By Pam Martens: February 18, 2019 ~
At the end of 1999, the year that President Bill Clinton and his Treasury Secretary Robert Rubin brokered the deal to repeal the Glass-Steagall Act of 1933 and allow the casino investment banks on Wall Street to gobble up deposit-taking banks, there were 10,220 federally insured banks and savings institutions in the United States. Today, that number stands at 5,397, a decline of 47 percent according to the Federal Deposit Insurance Corporation (FDIC). What exactly happened to those disappeared banks?
We examined FDIC data to see if the sharp falloff in bank numbers was from failures or mergers. We found that the vast majority of the decline resulted from banks being absorbed in mergers. By the end of 2005, six years after the repeal of Glass-Steagall, the U.S. still had 8,832 federally insured banking institutions. But in just that year alone, 315 banks were lost to mergers. By 2010, the number of U.S. banking institutions had dropped to 7,657 with 197 institutions absorbed that year through mergers. In years 2015, 2016 and 2017, there were a total of 786 federally insured banking institutions absorbed through mergers.
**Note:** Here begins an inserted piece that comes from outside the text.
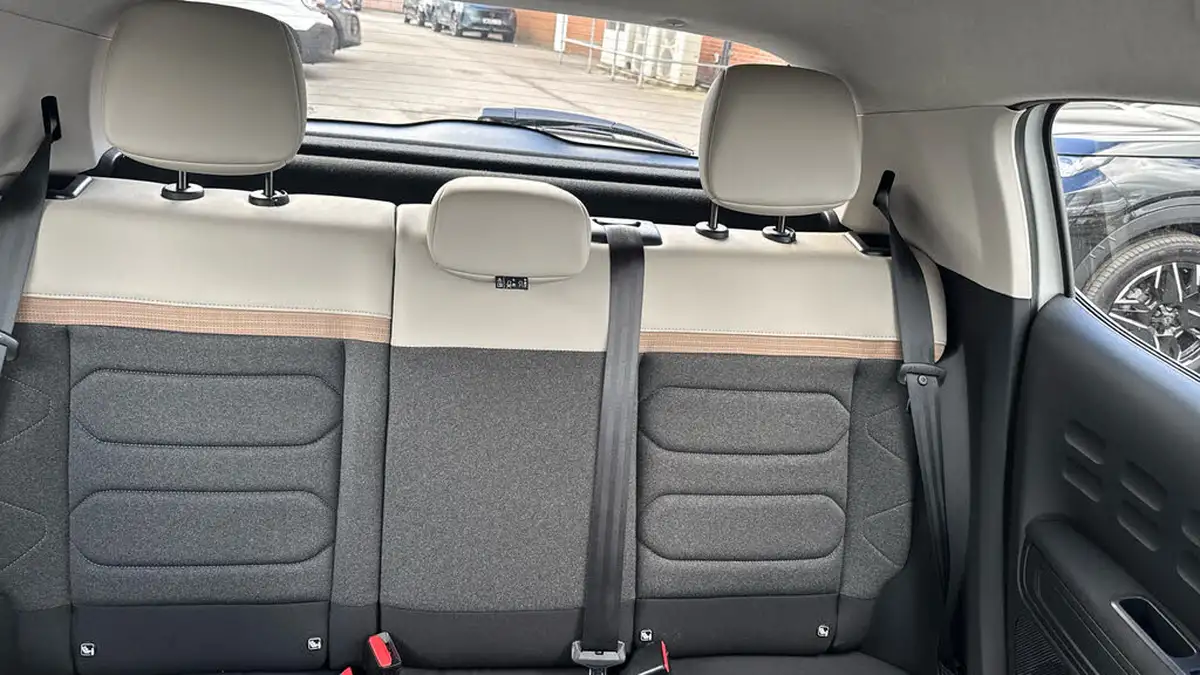 2024-citroen-c3-12-puretech-max-110ps-eat6-big-24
The loss of competition in banking services has unleashed an unprecedented concentration of the life savings of Americans being held as deposits at a handful of behemoth Wall Street banks which simultaneously engage in high risk securities and derivatives trading – the very combination that led to the epic Wall Street banking collapses in 2008 and the 1930s.
According to the FDIC, as of September 30, 2018 (their latest data available) there was a total of $13.6 trillion in deposits at all 5,397 Federally insured banking and savings institutions. Of that total, just nine banks represented 40 percent of all domestic deposits. Those nine are the insured banking units of the holding company for JPMorgan Chase which held $1.3 trillion in domestic deposits; Bank of America at $1.36 trillion; Wells Fargo with $1.27 trillion; Citigroup at $504 billion; U.S. Bancorp $314 billion; Morgan Stanley $181 billion; BB&T $161 billion; Goldman Sachs $130 billion; and State Street $108 billion.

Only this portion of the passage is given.